Write out the lines below exactly, beginning at the one with "Exportações de empresas" and stopping after the one with "Pode incluir: Autocolante"; the pictures are not copied.

[Web page caption snippets]
□ □ □ □ □
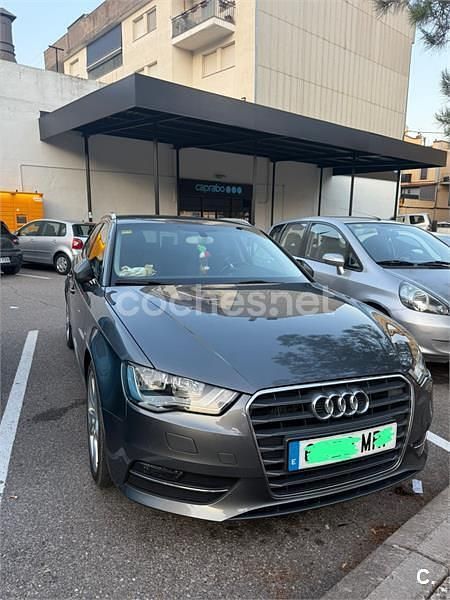 Gris / plata Usado 2014 Audi A3 Sportback Ambition Berlina | 10.500 € (Precio justo) - Imagen 1/4
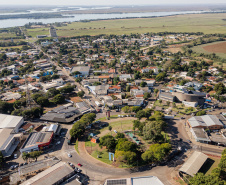 Exportações de empresas paranaenses por Foz do Iguaçu e Guaíra crescem até 21% desde 2018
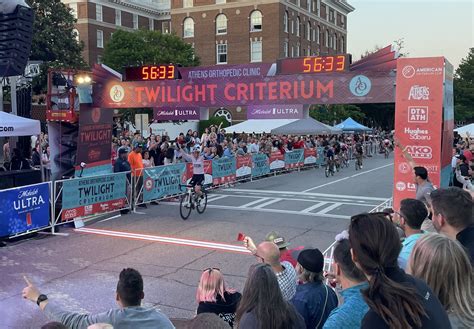 Alexis Ryan, Bryan Gomez win Athens Twilight, lead American Criterium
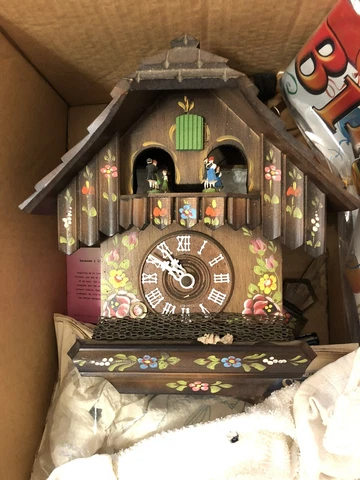 VINTAGE WORKING CUCKOO CLOCK Cover
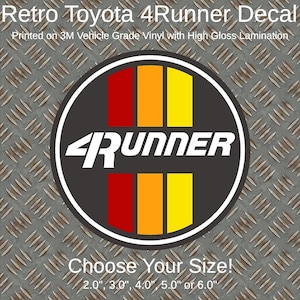 Pode incluir: Autocolante retro Toyota 4Runner com um design circular. O autocolante apresenta um fundo preto com uma borda branca e a palavra "4Runner" em branco. O design inclui listras verticais em vermelho, laranja e amarelo. O texto "Choose Your Size!" também está incluído.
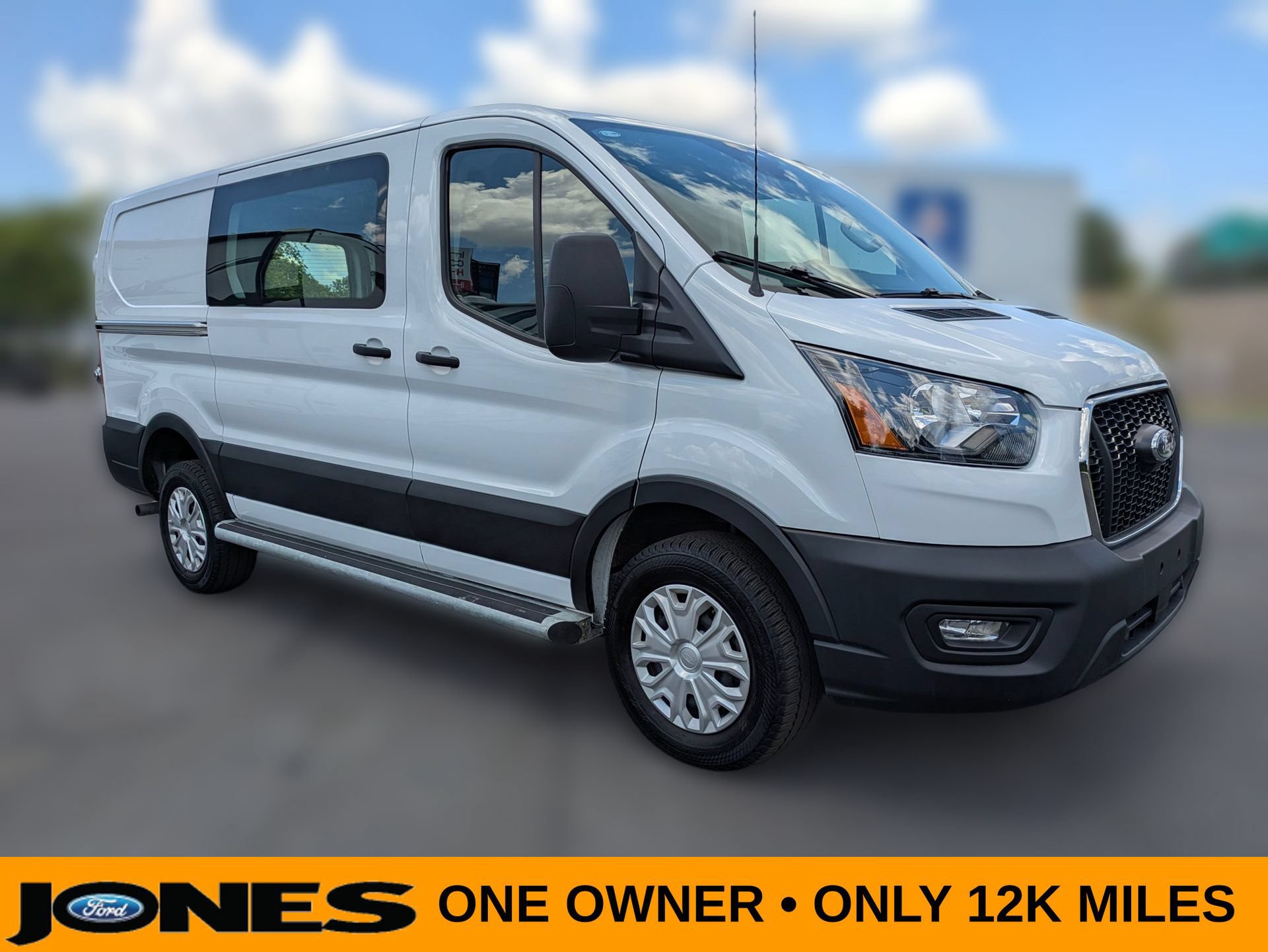 Used 2025 Ford Transit 250 Low Roof w/ Exterior Upgrade Package RWD image 1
□ □ □ □ □
YOUR SOLUTION.
 Exportações de empresas paranaenses por Foz do Iguaçu e Guaíra crescem até 21% desde 2018
 Alexis Ryan, Bryan Gomez win Athens Twilight, lead American Criterium
 VINTAGE WORKING CUCKOO CLOCK Cover
 Pode incluir: Autocolante retro Toyota 4Runner com um design circular. O autocolante apresenta um fundo preto com uma borda branca e a palavra "4Runner" em branco. O design inclui listras verticais em vermelho, laranja e amarelo. O texto "Choose Your Size!" também está incluído.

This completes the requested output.